As more organizations move to cloud-based IT architectures, a startup that’s helping them secure that data in an efficient way has raised some capital. vArmour, which provides a platform to help manage security policies across disparate public and private cloud environments in one place, is announcing today that it has raised a growth round of $44 million.
The funding is being led by two VCs that specialise in investments into security startups, AllegisCyber and NightDragon.
CEO Tim Eades said that also participating are “two large software companies” as strategic investors that vArmour works with on a regular basis but declined to name them. (You might consider that candidates might include some of the big security vendors in the market, as well as the big cloud services providers, as two possibilities.) This Series E brings the total raised by vArmour to $127 million.
When asked, Eades said that the company would not be disclosing its valuation. That lack of transparency is not uncommon among startups, but perhaps especially should be expected at a business that operated in stealth for the first several years of its life. However, according to PitchBook, vArmour was valued at $420 million when it last raised money, a $41 million round in 2016.
That would put the startup’s valuation at $464 million with this round, if everything is growing at a steady pace, or possibly more if investors are keen to tap into what appears to be a growing need.
That need might be summarised like this: we’re seeing a huge migration of IT to cloud-based services, with public cloud services set to grow 17.3 percent in 2019. A large part of those deployments — for companies typically larger than 1,000 people — are spread across multiple private and public clouds.
This, in turn, has opened a new front in the battle to secure data. “We believe that hybrid cloud security is a market valued somewhere between $6 billion and $8 billion at the moment,” said Eades.
Many organizations are storing information and apps across multiple locations — between seven and eight data centers on average for, say, a typical bank, Eades said — and while that may help them hedge bets, save money and reach some efficiencies, but the lack of cohesion also opens to door to security loopholes.
“Organizations are deploying multiple clouds for business agility and reduced cost, but the rapid adoption is making it a nightmare for security and IT pros to provide consistent security controls across cloud platforms,” said Bob Ackerman, Founder and Managing Director at AllegisCyber, in a statement. “vArmour is already servicing this need with hundreds of customers, and we’re excited to help vArmour grow to the next stage of development.”

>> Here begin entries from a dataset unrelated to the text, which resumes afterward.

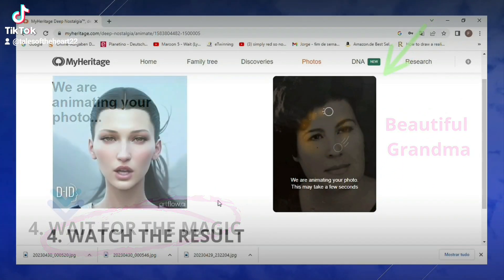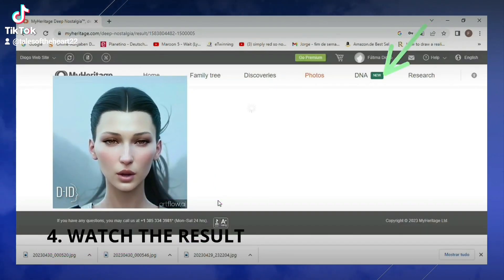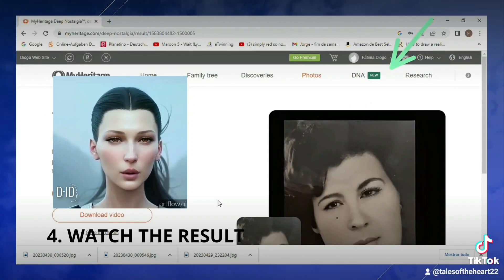Just wait and watch the amazing result — the photo comes alive. This is absolutely mind-blowing, don't you think?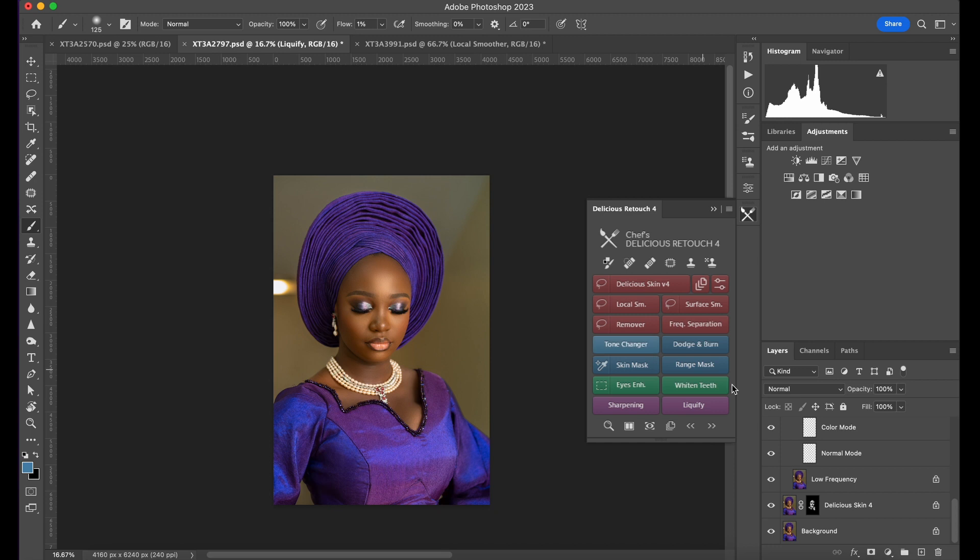Tell me why you would not want to purchase Delicious Skin — it's just affordable and it's fast. You can do more: work on the clothes, makeup, jewelries, or background. Go ahead and try Delicious Skin's trial version — it works for seven days. For weddings and quick portraits, this is your go-to plugin. Thank you for watching — let me know what you think, and have a blessed day.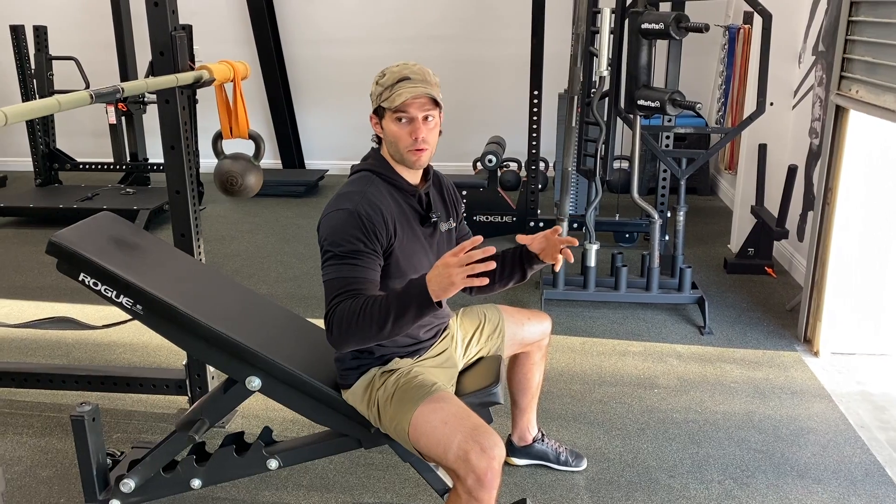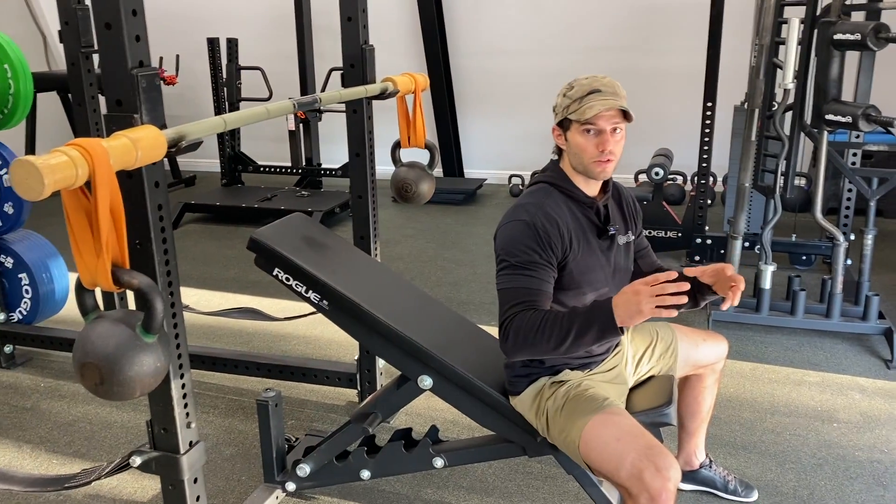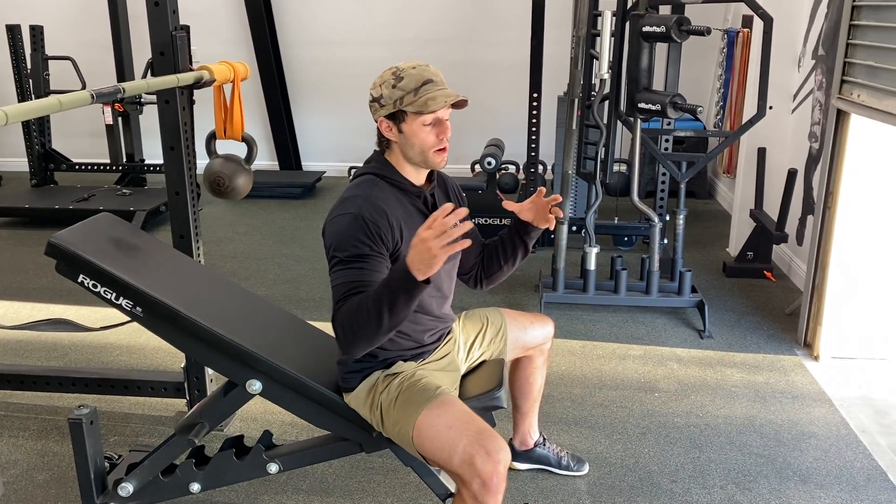This is a chaotic incline press. We can hang kettlebells off of a bar — we're using a bamboo bar just to create more instability. This is a great way to wake everything up. The kettlebells are going to bounce around and create a chaotic pendulum wave.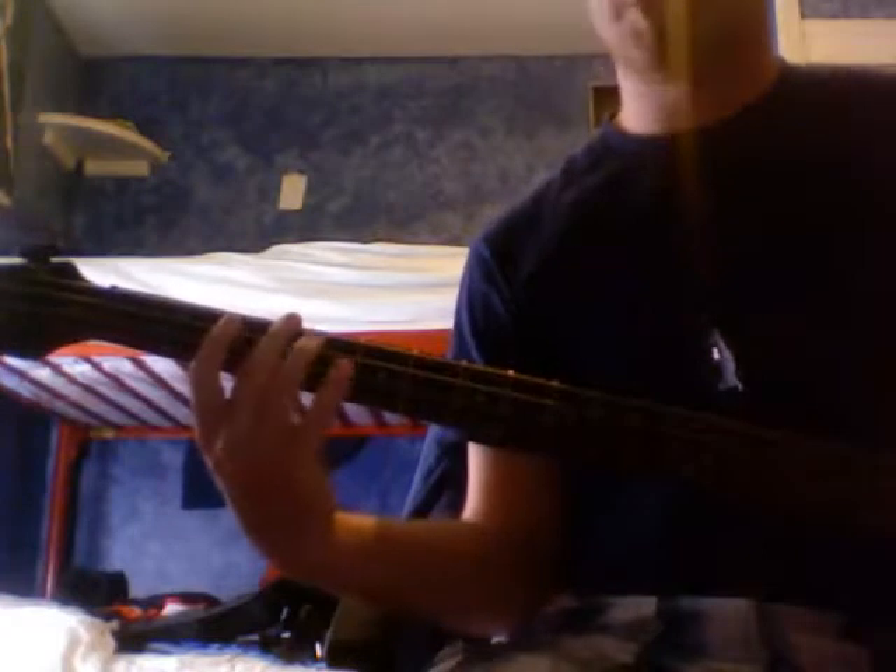Those are the only chords we're going to be worried about. What we've got here is a G arpeggio. The pattern is going to be two, one, four, one. With your fingers based off the index finger on the first fret — two, one, four, one.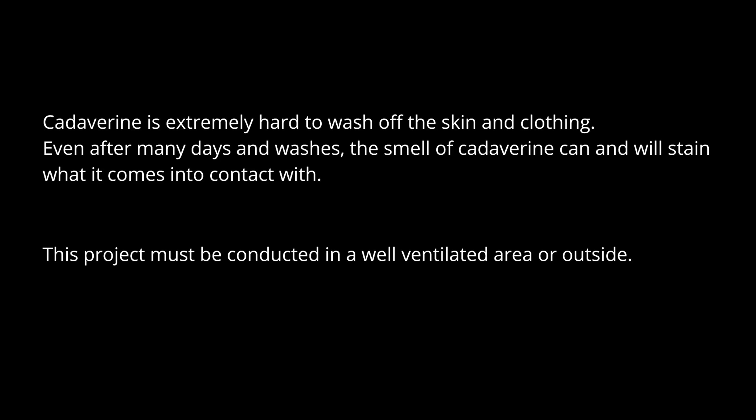Cadaverine is extremely hard to wash off the skin and clothing. Even after many days and washes, the smell of cadaverine will stain what it comes into contact with. This project should only be carried out in a well-ventilated area or outside.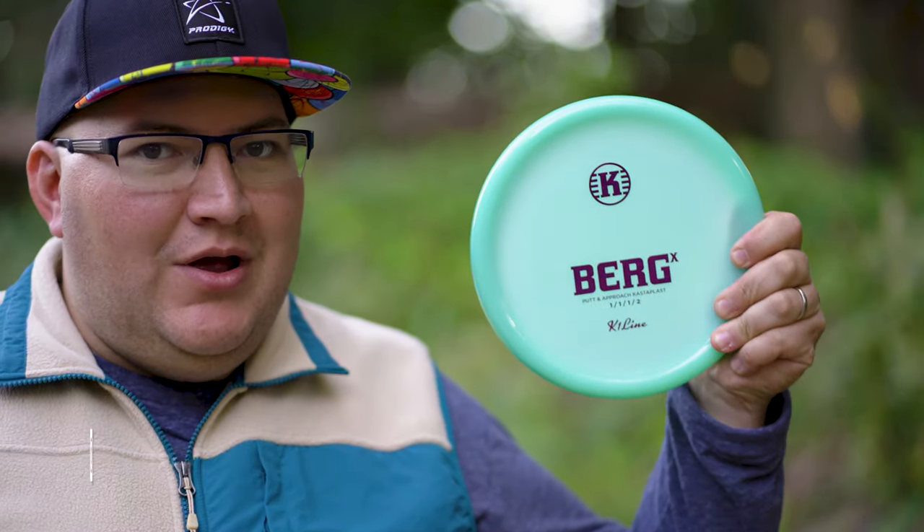Hey everybody, welcome back to Peachy Disc Golf. Today I'm going to be heading to Chattahoochee Point Park in order to play a little six-hole challenge to try out the brand new Berg X. We're also going to compare it against the regular Berg.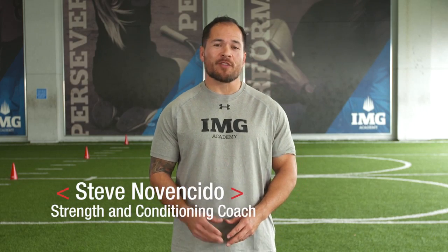Hi, I'm Steve Novencito, strength and conditioning coach at IMG Academy. I'm going to demonstrate the sprint using the Spry Speed Parachute.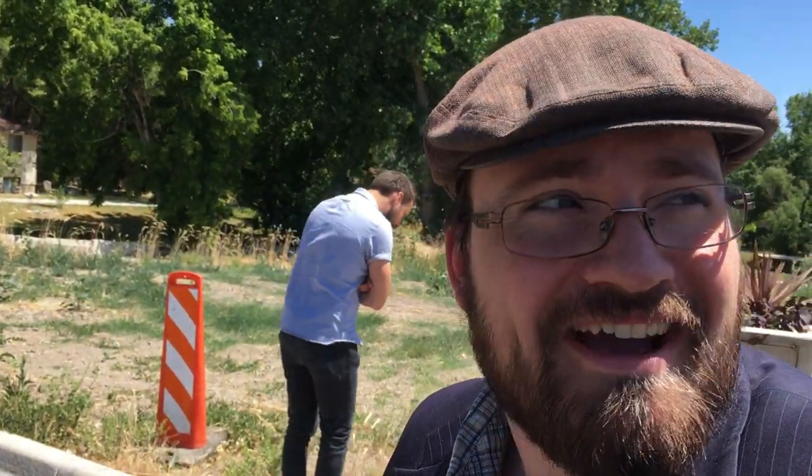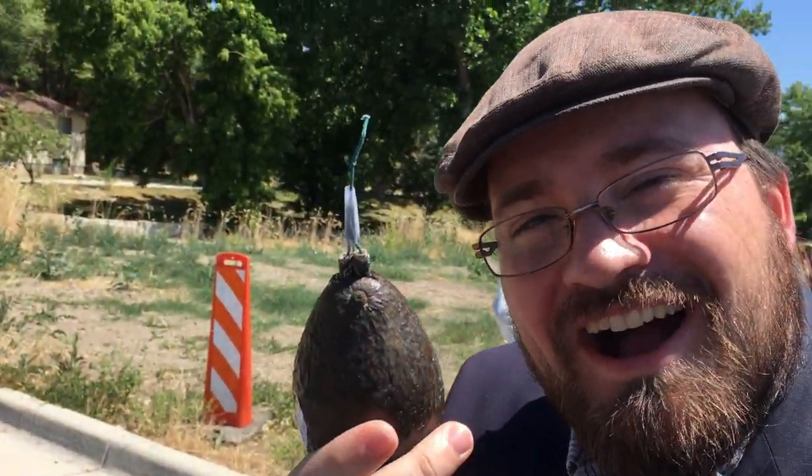Good morrow, ladies and gents. It's a little windy out here, so I hope you can hear me all right. But we're gonna be celebrating the 4th of July with a little homemade concoction of avocado. So join us to see that happen.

vArmour is among the companies — Cisco and others are also competing with it — that are providing a platform to take something that is somewhat messy — disparate security policies covering disparate containers and apps — and handle it in a more cohesive and neat way by providing a single way to manage and provision compliance and policies across all of them. This not only helps to manage the data but potentially can help halt a breach by letting an organization put a stop in place across multiple environments.
“From my experience, this is an important solution for the cloud security space,” said Dave DeWalt, founder of NightDragon, in a statement. “With security teams now having to manage a multitude of cloud estates and inundated with regulatory mandates, they need a simple solution that’s capable of continuous compliance. We haven’t seen anyone else do this as well as vArmour.”
Eades said that the big change in the last couple of years for vArmour is that, as cloud services have grown in popularity, it has been putting in place a self-service version of the main product, which it sells as the vArmour Application Controller, aimed at smaller organizations. It’s also been leaning heavily on channel partners (Telstra, which led its last round, is one strategic of this kind) to help with the heavy lifting of sales.
vArmour isn’t disclosing revenues or how many customers it has at the moment, but Eades said that it’s been growing at 100 percent each year for the last two. At this rate, he says that plan will be to take the company public in the next couple of years.